Pictures with short captions
*** Begin section ***

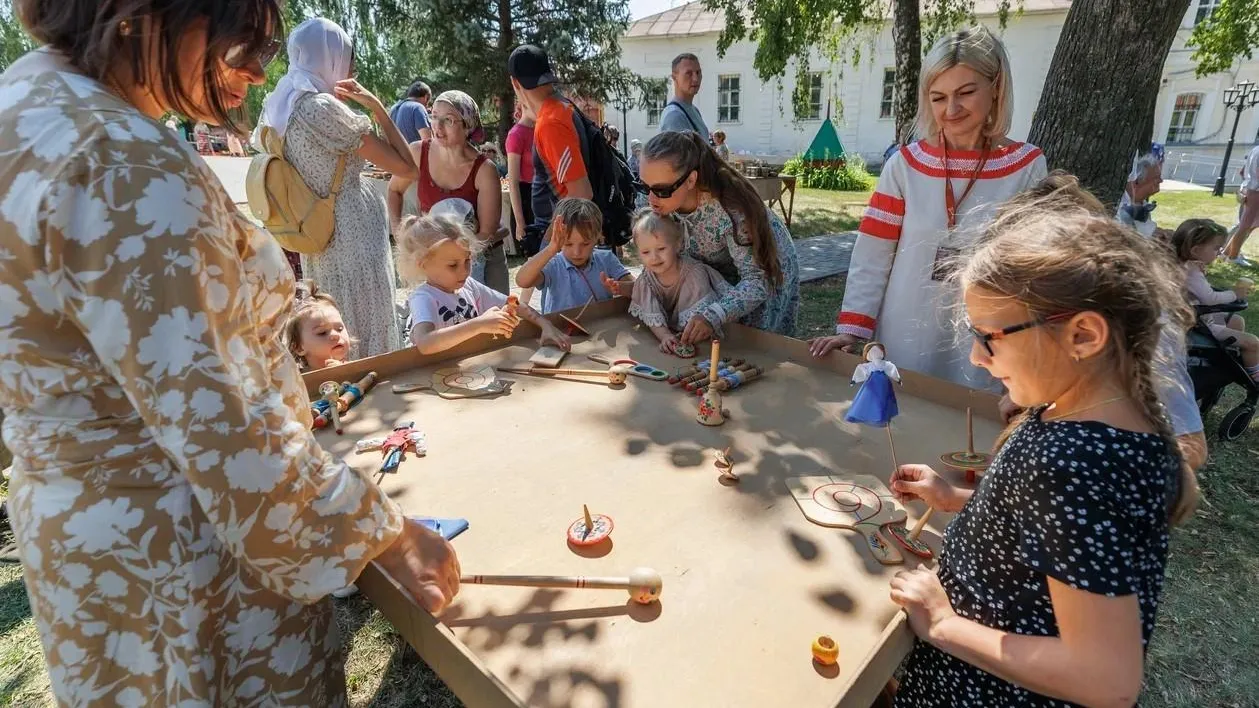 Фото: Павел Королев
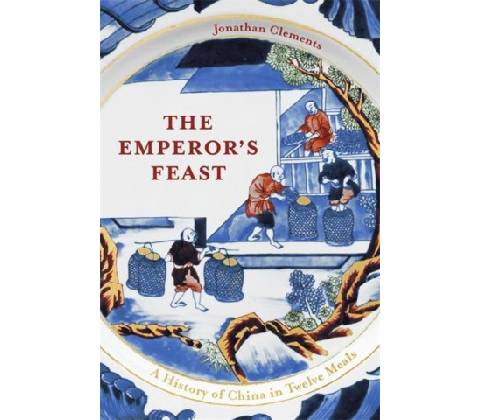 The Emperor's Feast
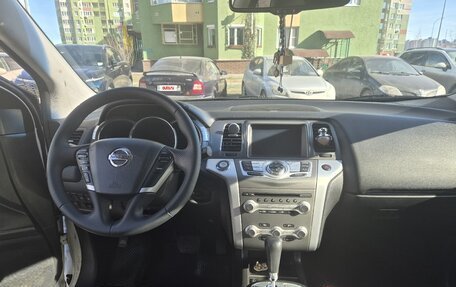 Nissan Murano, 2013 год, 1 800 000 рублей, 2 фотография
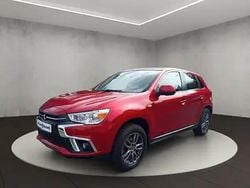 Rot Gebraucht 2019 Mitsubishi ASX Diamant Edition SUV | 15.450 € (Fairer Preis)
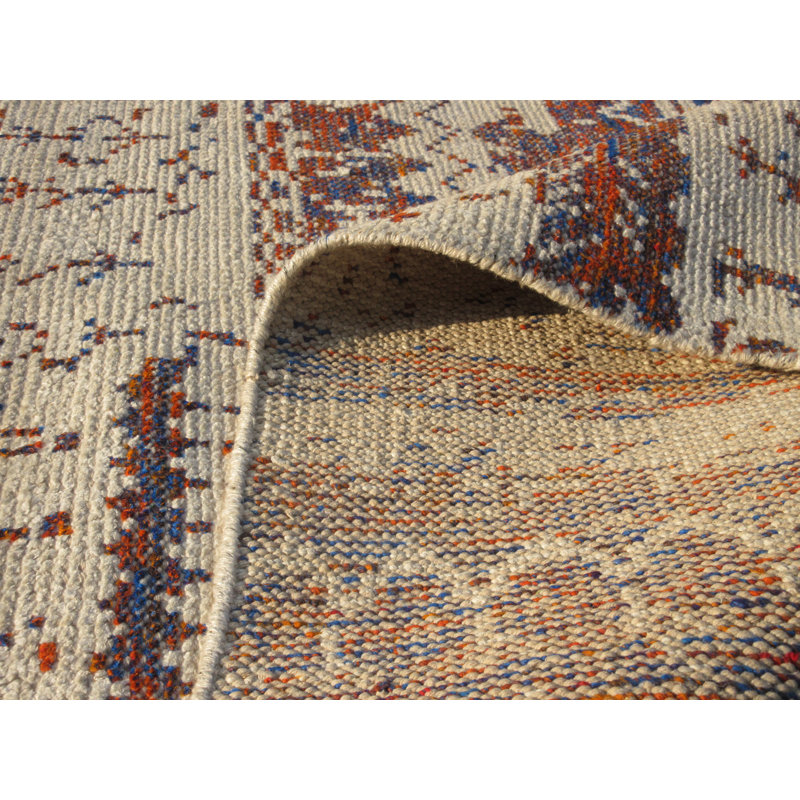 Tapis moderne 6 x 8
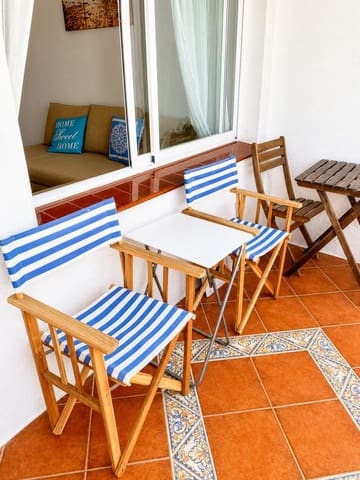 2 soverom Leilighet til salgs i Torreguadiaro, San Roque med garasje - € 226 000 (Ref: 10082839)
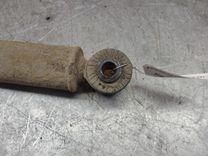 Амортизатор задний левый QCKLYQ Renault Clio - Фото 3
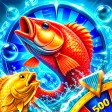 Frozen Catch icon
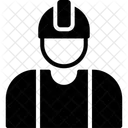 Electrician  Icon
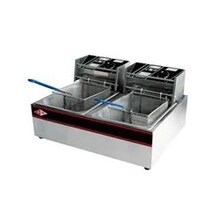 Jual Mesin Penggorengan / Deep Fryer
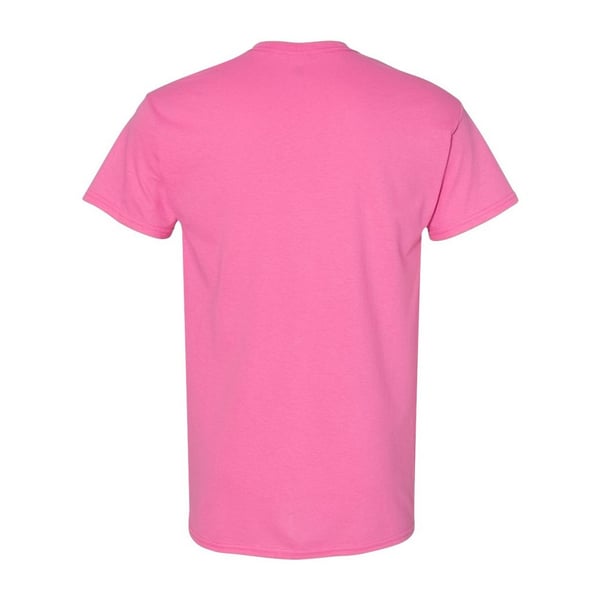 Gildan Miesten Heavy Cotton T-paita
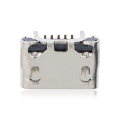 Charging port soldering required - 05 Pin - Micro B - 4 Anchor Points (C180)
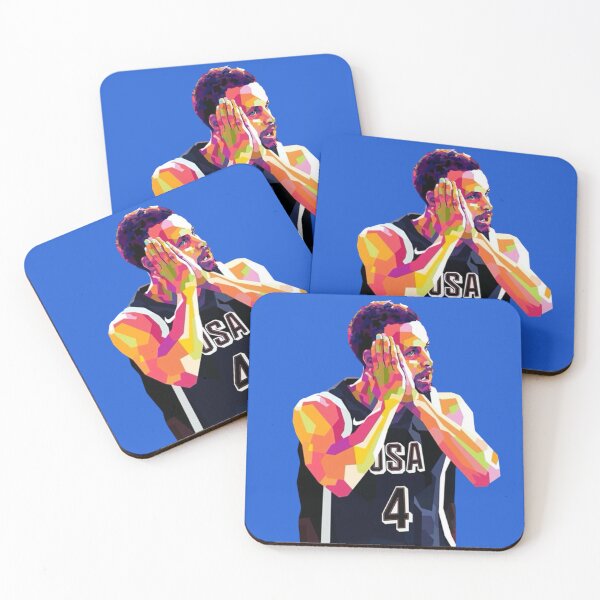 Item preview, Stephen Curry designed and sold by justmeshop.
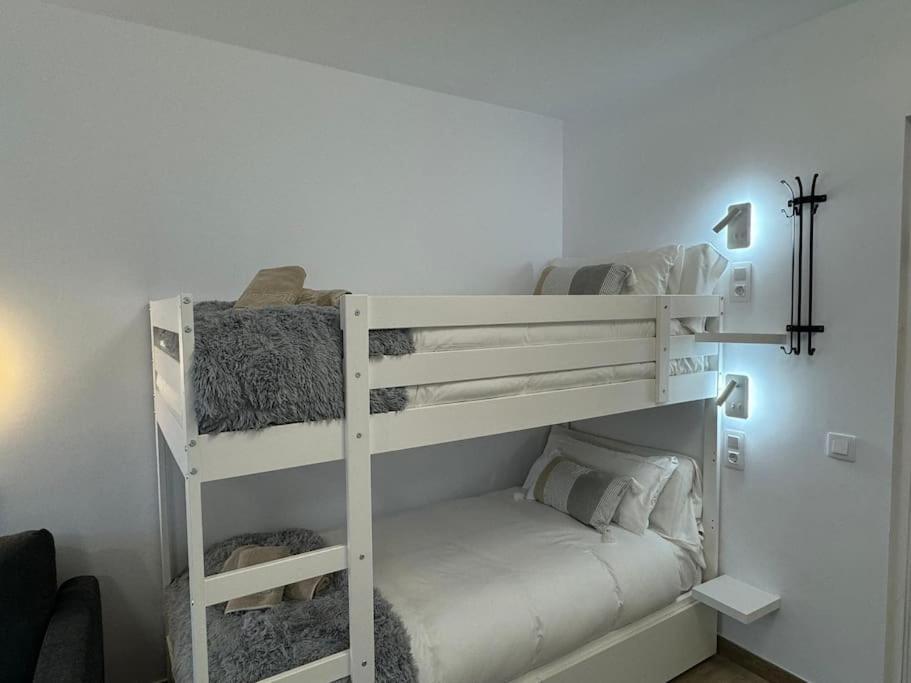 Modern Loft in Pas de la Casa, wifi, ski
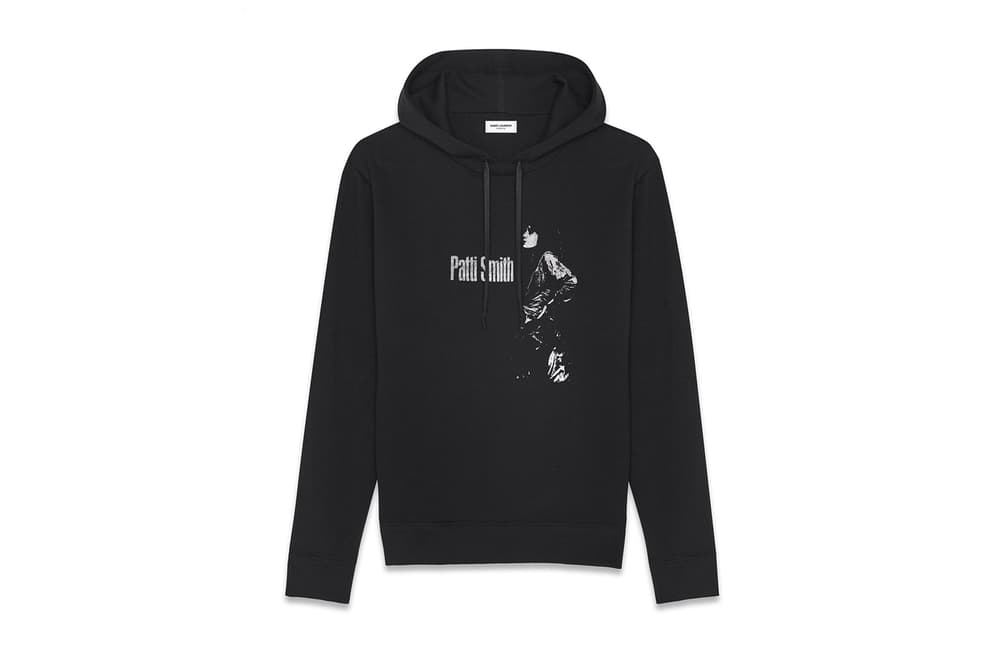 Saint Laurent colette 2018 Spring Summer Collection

*** End section ***

#### [TASK DESCRIPTION]
Could you print all of the entries exactly, skipping the images?

#### [TASK OUTPUT]
 Фото: Павел Королев
 The Emperor's Feast
 Nissan Murano, 2013 год, 1 800 000 рублей, 2 фотография
 Rot Gebraucht 2019 Mitsubishi ASX Diamant Edition SUV | 15.450 € (Fairer Preis)
 Tapis moderne 6 x 8
 2 soverom Leilighet til salgs i Torreguadiaro, San Roque med garasje - € 226 000 (Ref: 10082839)
 Амортизатор задний левый QCKLYQ Renault Clio - Фото 3
 Frozen Catch icon
 Electrician  Icon
 Jual Mesin Penggorengan / Deep Fryer
 Gildan Miesten Heavy Cotton T-paita
 Charging port soldering required - 05 Pin - Micro B - 4 Anchor Points (C180)
 Item preview, Stephen Curry designed and sold by justmeshop.
 Modern Loft in Pas de la Casa, wifi, ski
 Saint Laurent colette 2018 Spring Summer Collection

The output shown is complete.